Nothing short of an ocean pandemic, Stony Coral Tissue Loss Disease (SCTLD) has ravaged Bahamian coral reefs since 2019. So far, it has spread to more than six Bahamian islands and killed >100 miles of the country’s reefs.
In March 2022, the Perry institute for Marine Science was received a temporary research permit from the Government of The Bahamas to get in the water and administer life-saving treatments to this nation’s coral reefs – the lifeblood of its blue economy.
The Bahamas stands to lose its chief ecological reef fisheries and tourism generating asset (valued at up to $135 M per km2 of reef) within five years if we don’t act fast.
SCTLD was first discovered off the coast of Miami in 2014 and has spread to >20 Caribbean countries, making it a pandemic.
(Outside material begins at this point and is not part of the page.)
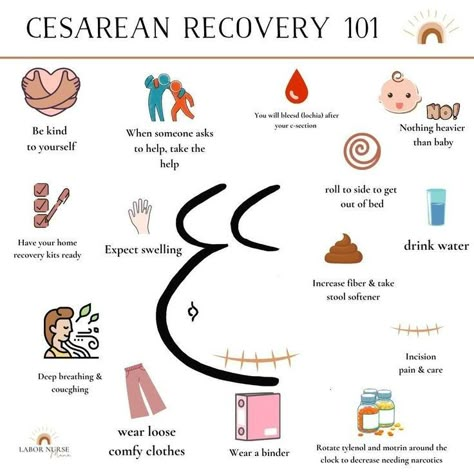 Postpartum Awareness, Postpartum Advice, Cesarean Recovery, Labor Doula, Birth Tips, Postpartum Care Kit, C Section Recovery, Pregnancy Help, Baby Delivery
In The Bahamas, SCTLD was first detected off Freeport in December of 2019. It is a highly contagious and fatal coral disease and researchers attribute the initial arrival of SCTLD to commercial shipping vessels that take on large amounts of ballast water during travel, and then release this water upon arrival. This water can quickly spread invasive plants, animals, and diseases like SCTLD from one part of the ocean to another.
After it arrived in Grand Bahama, SCTLD likely spread to other Bahamian islands via local currents and smaller boat travel.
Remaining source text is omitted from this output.